Since the first season, Dave has followed the titular rapper’s trajectory to fame, from LD’s YouTube breakout to Season 3’s Looking for Love tour. The show naturally makes creative, episodic choices while telling a story fairly parallel to the real Burd’s success story, and is packed with celebrity cameos that stun season after season in a very meta, “Dave just got rejeted by Doja Cat” kind of way. Season 3 took us across the country, from his hometown origins to the Met Gala, and all the bumps in the road in between, and culminated in a star-studded spectacular, that leaves us wondering where we’re going to go next with Dave, GaTa, Mike (Andrew Santino), Elz (Travis Bennett), Emma (Christine Ko), and Ally (Taylor Misiak).
In their interview, which you can watch or read below, Burd addresses Dave’s confounding Robyn (Chloe Bennet) choice, writing music for the series, and the ever-present themes that drive Dave’s hunger for success. They talk about GaTa’s audition for the part written specifically for him, and GaTa explains that they have a “real great friendship, like real dynamic energies, always vibing,” and that’s why their onscreen chemistry is totally unique to this show, adding that “everything is real.” As far as that epic Season 3 finale, Burd reveals how he got “iconic pillars of entertainment” to guest star on the show, and why each of them represent so much more than a flashy cameo, and where that will take us into Season 4.
COLLIDER: I want to start with, I’m a huge fan of the show. I really want to thank you guys for a fantastic season, and congrats on being Mr. McAdams.
DAVE BURD: Oh, thank you, thank you. I appreciate that, it took a lot of hard work.
Dave, I definitely have to ask, are you and Robyn over?

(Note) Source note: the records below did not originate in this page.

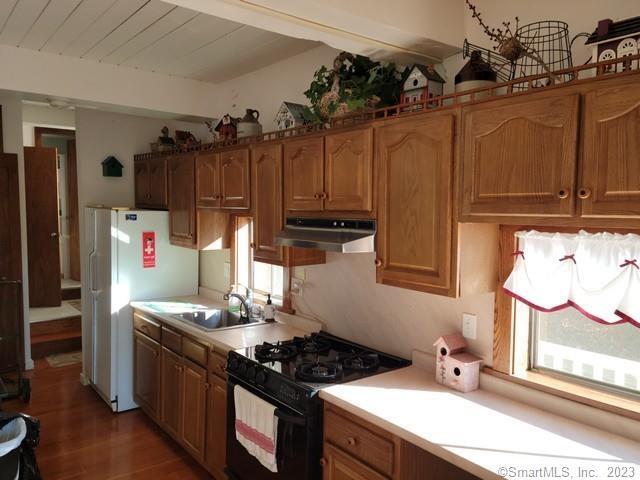 kitchen featuring black range with gas stovetop, sink, a healthy amount of sunlight, and dark hardwood / wood-style flooring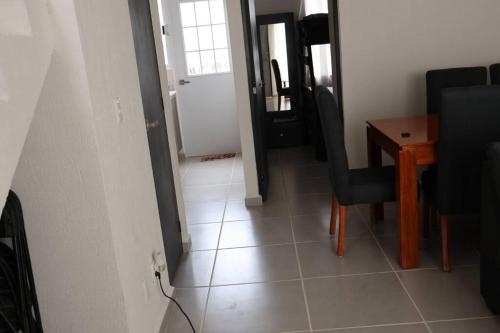 a hallway with a table and a chair and a door at casa con club de playa in General Juan N Alvarez International Airport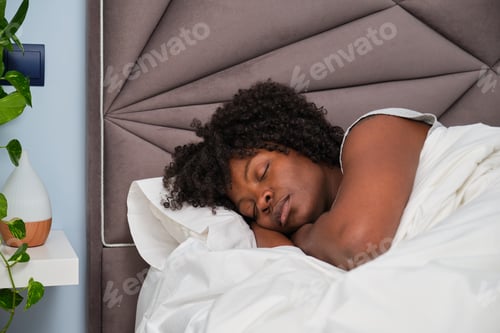 Preview: African young woman sleeping on white sheets in bed.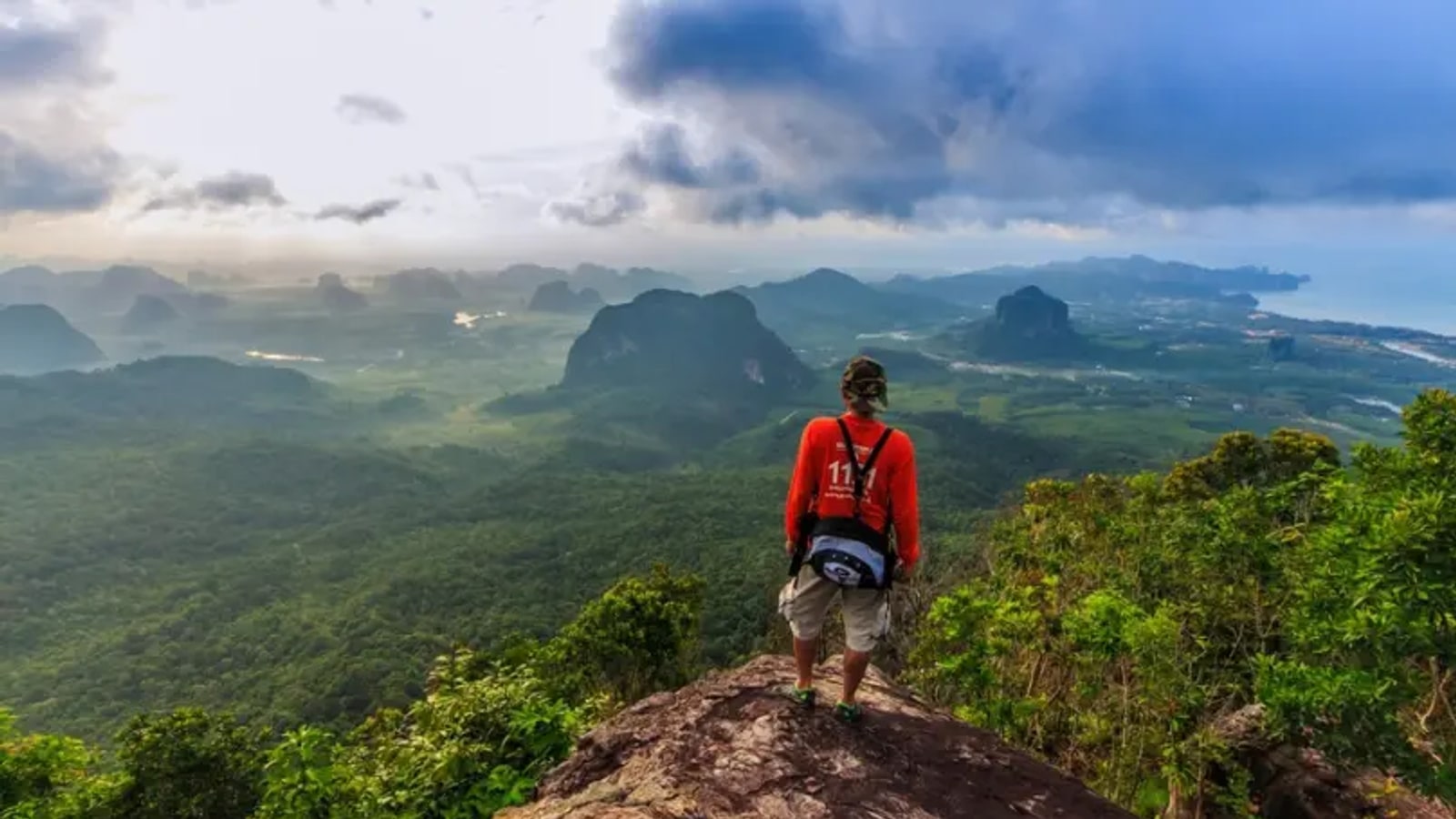 Hiker overlooking the landscape from Khao Ngon Nak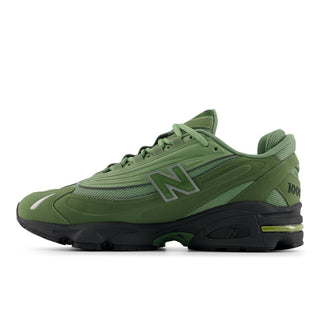 New Balance 1000 sneakers in Utility Green and Oregano colorway with inverted mesh underlays and suede overlays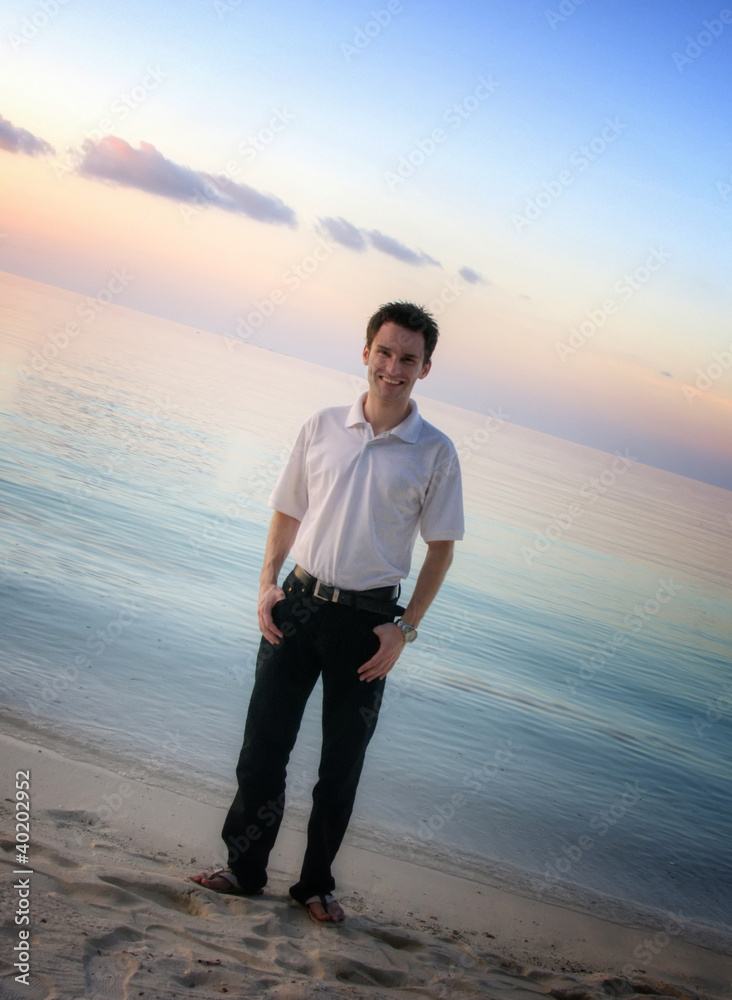 Attractive man on a beach with sunset / sunrise (Maldives) Attractive man on a beach with sunset / sunrise (Maldives)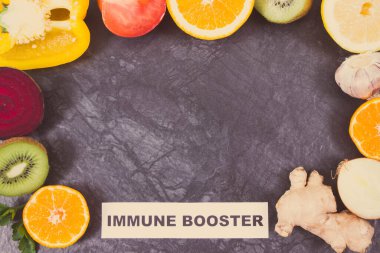 Yazılı bağışıklık güçlendirici ve içinde doğal vitaminler bulunan sebzeli taze olgun meyveler. Covid-19 zamanlarında bağışıklık güçlendirici. Yazı için yer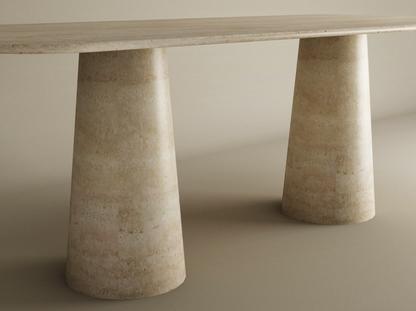 The TRAVERTABLE Rectangular Travertine Dining Table features a natural stone top and an organic travertine stone base with two wide conical pedestal legs, creating a sophisticated look on a neutral background. Customizable to your style.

BURD: You know, we write one season at a time, but it certainly feels like, you know, I had a choice to make at the end and I made the other choice. I think it’s really cool in a season where it’s like I’m looking for love the whole time, and I think deep down there’s kind of these dual interweaving themes of love and validation and fame, and they interweave, and there’s so much overlap between the two, and even between the quest for both for my character. The interesting thing about the ending is you think this experience with the stalker and Brad Pitt has made you maybe totally rethink everything, and, “I now know what’s important in life and I’m gonna go for love and Robyn,” and it’s a huge mislead. And the reality is that it’s like, “I still need all this validation, and still irks me that I can’t get to a guy like Drake.” Then I clearly don’t even fully love myself yet, and until you actually love yourself, you can’t really take anyone along that ride with you, you know what I mean? So I think on the one hand, it could be like he abandoned Robyn in love for being famous and cool and rich, but I also view it as like, there’s a self-awareness of not stringing someone along until the person is ready.
GaTa, I can see that you are a sneaker head, and this is not in my list of questions, but in an emergency, there’s a fire, what’s the pair or two that you’re grabbing to absolutely save?
GATA: I’m gonna grab the Jordan 1 Breds, and I’m gonna grab a running pair of a New Balance, that’s all I need.
Got it, I can see in the lower left, there’s some shoes that I admire. So I read – and obviously I could be wrong – that you auditioned to be GaTa, even though the character was based on you. Is that true, and what was that like?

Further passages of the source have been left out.